DUBAI (Reuters) – Bahrain’s embassy in Damascus and the Syrian diplomatic mission in Manama have been operating “without interruption”, the Bahraini foreign ministry said in a statement on Friday, a day after the United Arab Emirates reopened its embassy in Syria.
The reopening of the UAE’s mission was a diplomatic boost for Syrian President Bashar al-Assad as it and other U.S.-allied Arab states had once backed rebels fighting him. The embassy had been shut since the early months of Syria’s conflict nearly eight years ago.
Other Gulf and Arab states are expected to shift their positions and normalise ties with Assad’s government as concerns grow about Iran’s influence in the region. Syria’s membership of the Arab League was suspended seven years ago.
“The Kingdom of Bahrain has announced that work is continuing at its embassy in the brotherly Arab Republic of Syria,” a statement carried by the state news agency BNA said.
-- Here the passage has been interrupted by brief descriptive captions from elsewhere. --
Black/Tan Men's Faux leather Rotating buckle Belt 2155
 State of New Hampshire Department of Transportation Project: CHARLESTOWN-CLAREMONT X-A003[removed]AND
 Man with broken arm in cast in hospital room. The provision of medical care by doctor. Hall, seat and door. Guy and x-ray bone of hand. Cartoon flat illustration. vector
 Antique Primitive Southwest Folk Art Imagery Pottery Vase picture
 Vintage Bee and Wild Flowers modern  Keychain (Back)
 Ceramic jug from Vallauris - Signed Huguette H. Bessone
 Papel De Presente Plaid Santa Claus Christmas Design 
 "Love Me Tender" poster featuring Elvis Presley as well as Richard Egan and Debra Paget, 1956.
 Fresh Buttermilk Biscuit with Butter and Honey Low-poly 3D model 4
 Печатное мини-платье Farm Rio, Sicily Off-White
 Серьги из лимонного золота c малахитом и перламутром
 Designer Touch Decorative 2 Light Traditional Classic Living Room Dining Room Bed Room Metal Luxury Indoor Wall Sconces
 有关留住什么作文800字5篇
It was not clear whether that meant the embassy had continued operating throughout the war, when most Gulf Arab states — including Saudi Arabia, with which Bahrain is closely aligned — broke off diplomatic ties.
The statement said it was important that Arab states work to prevent any regional interference in Syria’s internal affairs, to help consolidate security and stability in the country.
BNA said flights had been operating between Bahrain and Syria without interruption, although again it did not say whether that had been the case throughout the war.
Gulf Arab states were the main backers of armed groups opposed to Assad, but Saudi Arabia and Qatar had the most prominent roles in the Syrian war. Emirati support has been associated with groups opposed to Islamist domination of the uprising, rebel sources in the region have said.
Unlike its neighbours, Oman maintained diplomatic ties with Damascus while Kuwait opposed arming rebels fighting to topple Assad and has led a humanitarian fundraising campaign for Syria through the United Nations.
After nearly eight years of war, Assad has recovered control of most of Syria with support from Russia, Iran, and Iranian-backed Shi’ite Muslim groups such as Lebanon’s Hezbollah.
His military advances gathered pace this year with the defeat of the last big rebel enclaves near Damascus and recovery of the southwestern region.